Last spring, British photojournalist Tim Hetherington was killed at age 40 while covering the conflict in Libya. A posthumous exhibit of his work in Afghanistan, “Sleeping Soldiers” is now up at the Corcoran Gallery of Art in DC.
I find Tim’s work very interesting for a couple of reasons. While he was no stranger to photographing in combat zones, he was also interested in showing us another side to the lives of the men. He stayed with a platoon of soldiers in Afghanistan for months, gaining their trust to the point where he could make images of them as they slept, appearing quiet and vulnerable, (yet still a bit on edge).
There are also images from his 2010 book Infidel, showing the soldiers during leisure time.
I also find Tim interesting and inspiring because of his embrace of modes of documenting beyond the camera. He directed and produced films (Restrepo was nominated for an Academy Award), did writing and reporting, and designed everything from multi-screen installations to portable device downloads. The “Sleeping Soldiers” portion of the exhibit up at the Corcoran is actually a video installation of the sleeping men layered with sounds and scenes of war, which add psychological components for the viewer to consider.
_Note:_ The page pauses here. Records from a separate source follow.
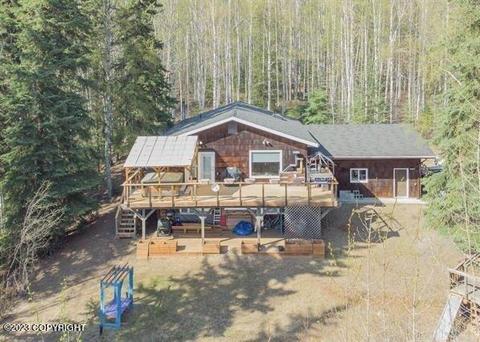 764 Senate Dr, Fairbanks, AK 99712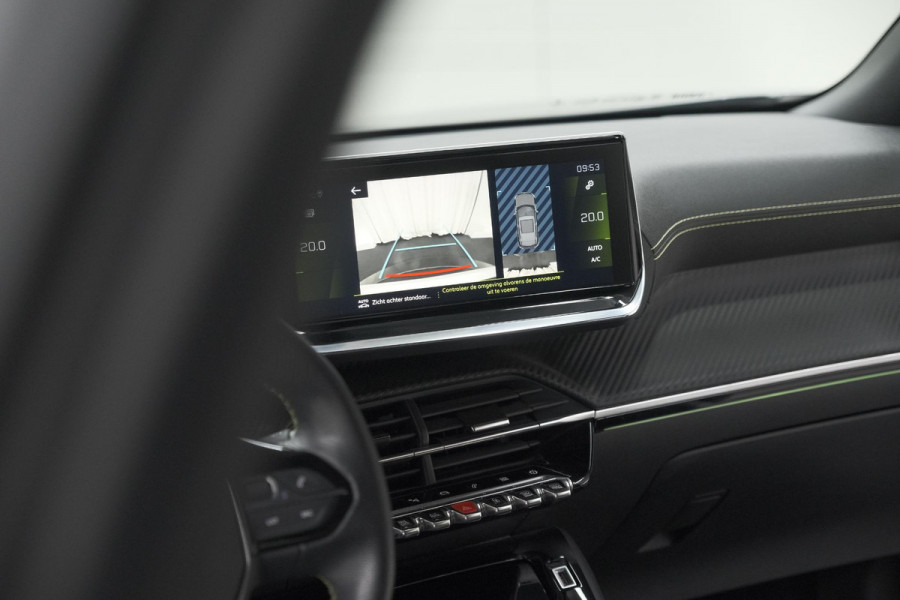 Peugeot 2008 PureTech 130 GT-Line | Camera | Adaptieve Cruise Control | Navigatie | Climate Control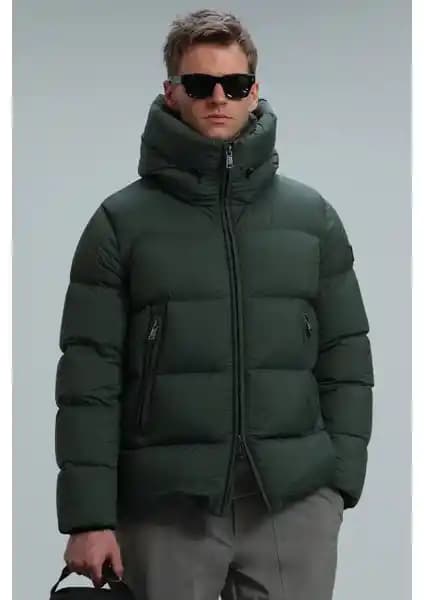 Lufian Tommy Kaz Tüyü Erkek Mont: Şık ve İşlevsel Kış Giyim Seçeneği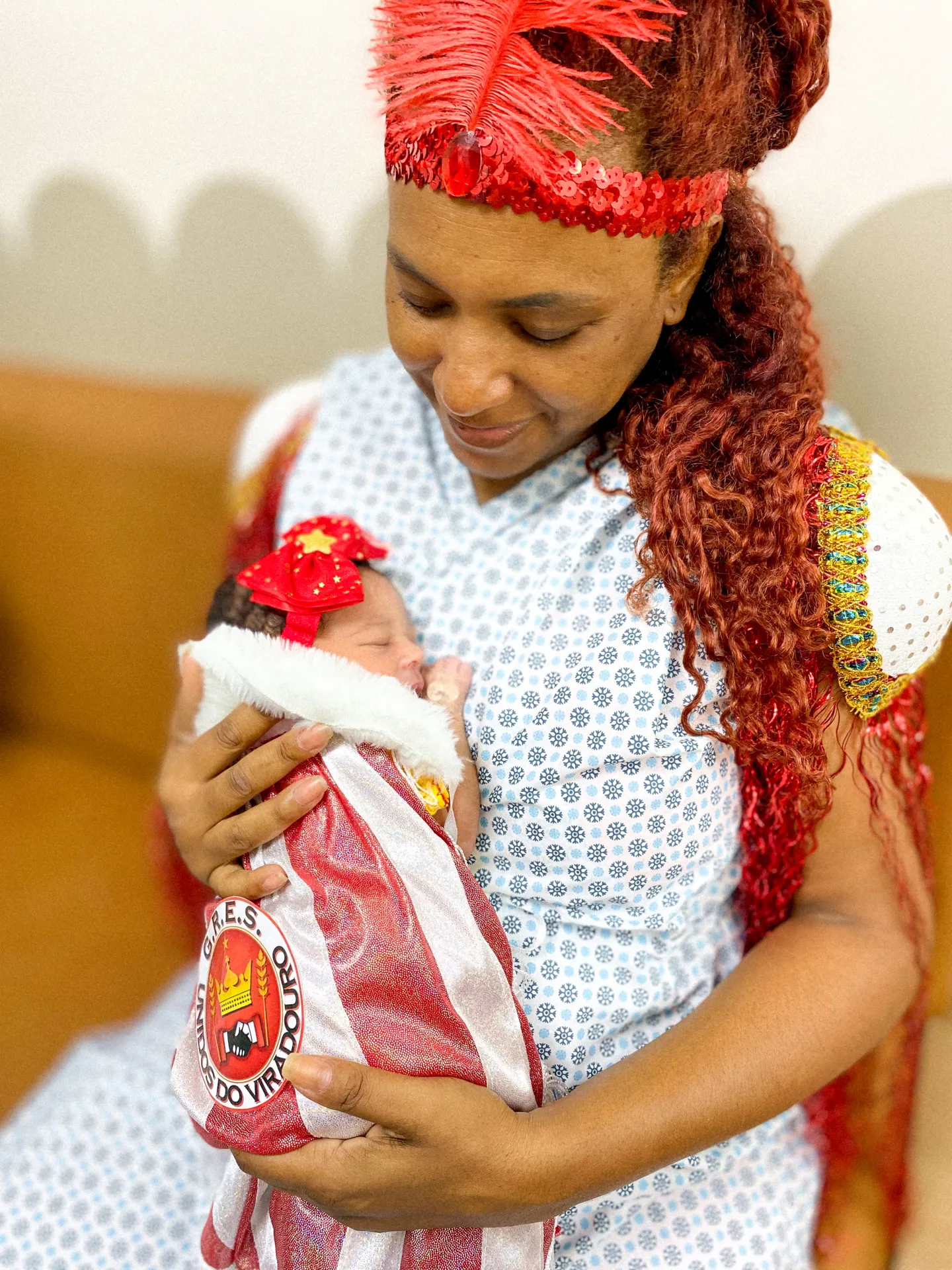 A bebê Júlia Pérola com a mãe Kissila da Silva Aquino homenageiam a escola niteroiense Unidos do Viradouro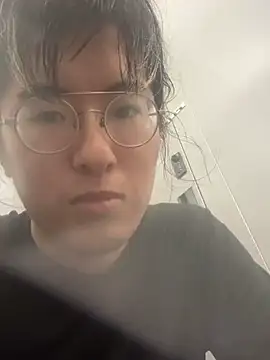 MUIMUICHAN27's Webcam Show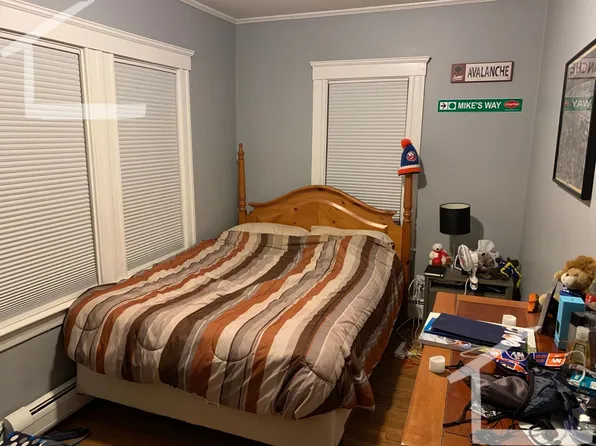 24 Lyons Ct #1, Watertown, MA 02472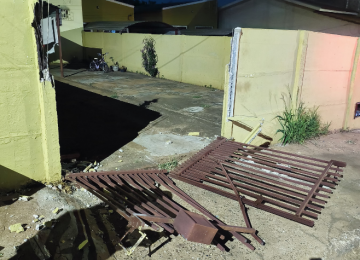 Homem foge após agredir namorada e destruir portão, mas é preso na casa da mãe em Rio Verde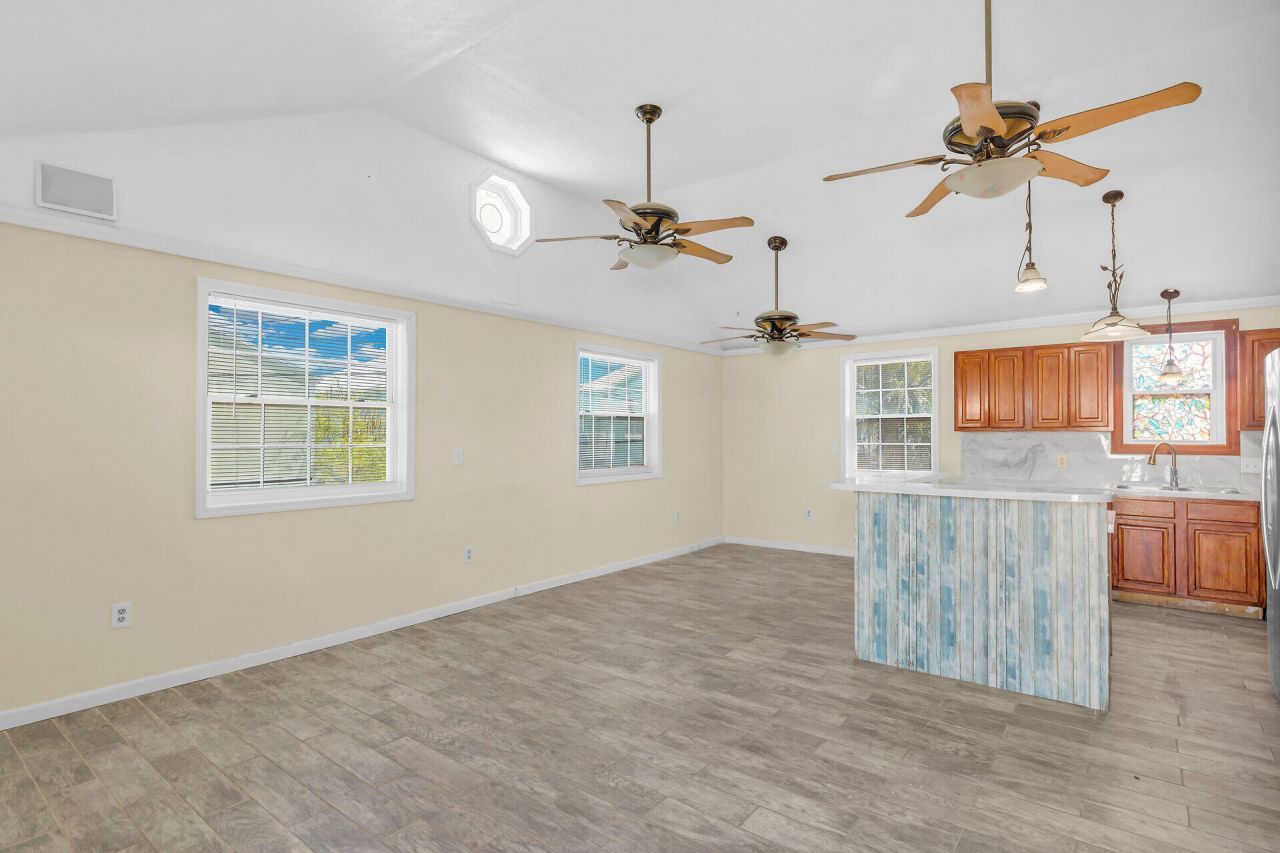 477 W 105th Street Ocean, Marathon, FL 33050 Photo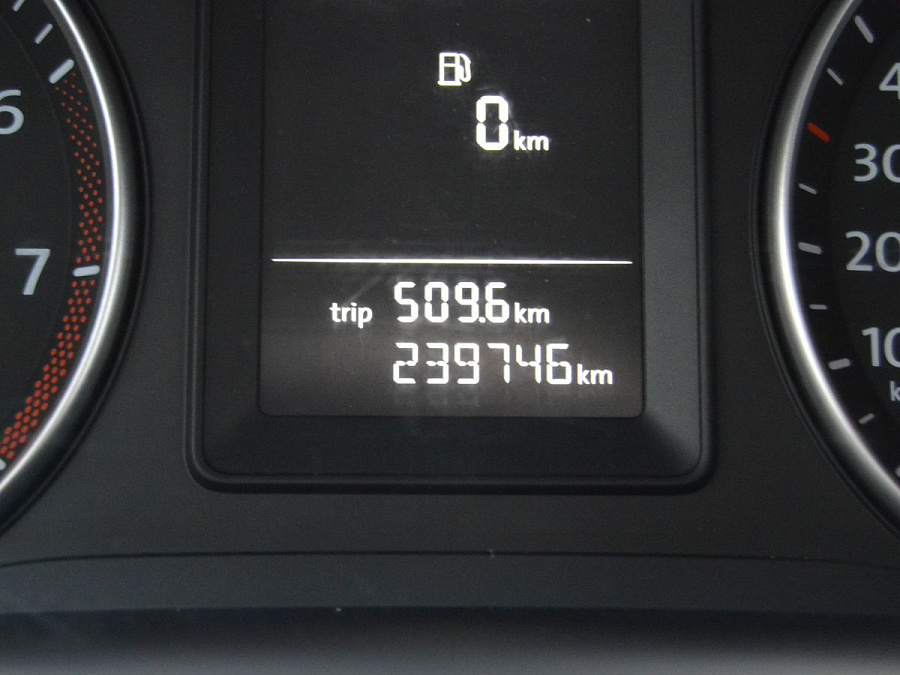 Volkswagen Touran, 2011г., передний привод, робот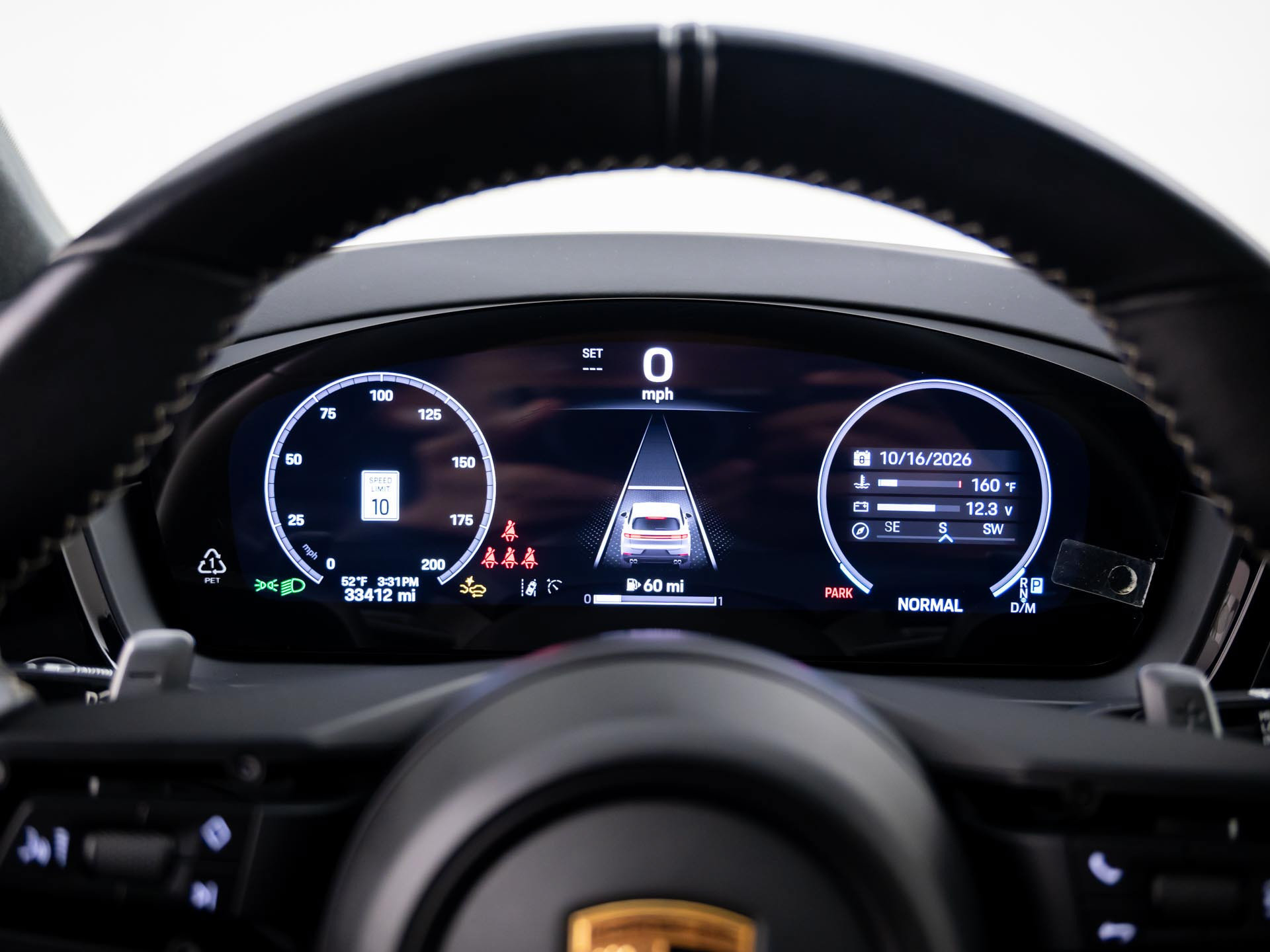 Certified 2025 Porsche Cayenne GTS AWD/4WD image 21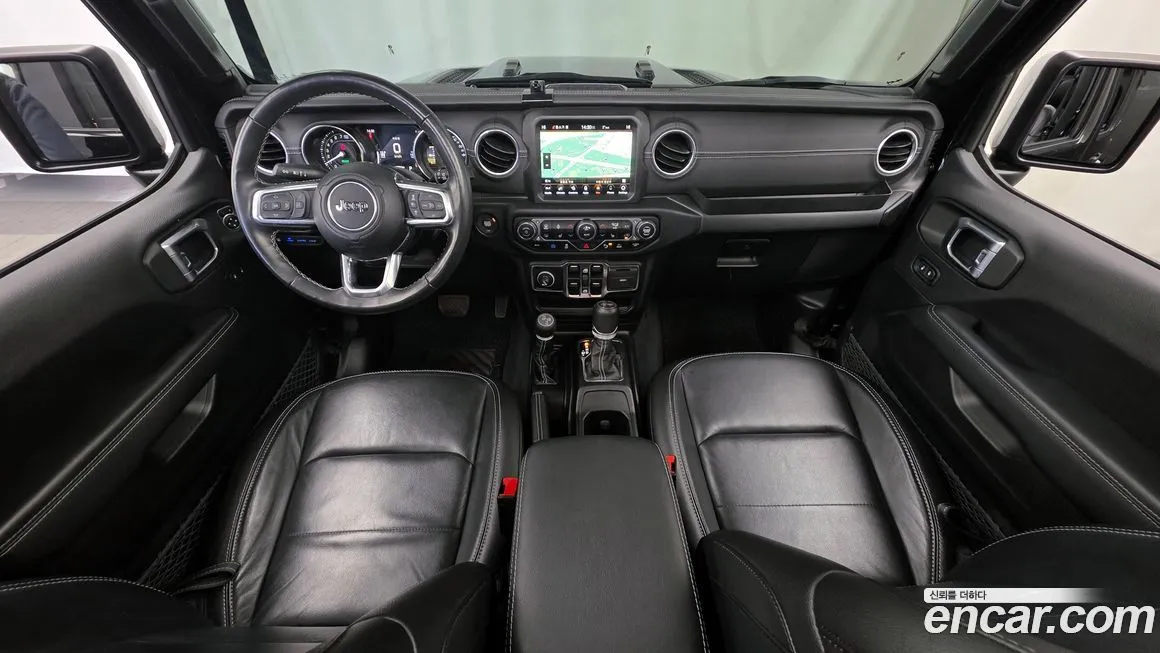 Jeep Wrangler — фото 2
It’s easy for us to forget as we scan the the oft-daily scene of carnage on the front page of the paper, that someone was in the middle of the chaos with the dedication and presence of mind to frame and capture a photograph, allowing the rest of the world to see instantly what is happening. A salute to Tim Hetherington and the other journalists who’ve lost their lives and to those still out there on the front lines.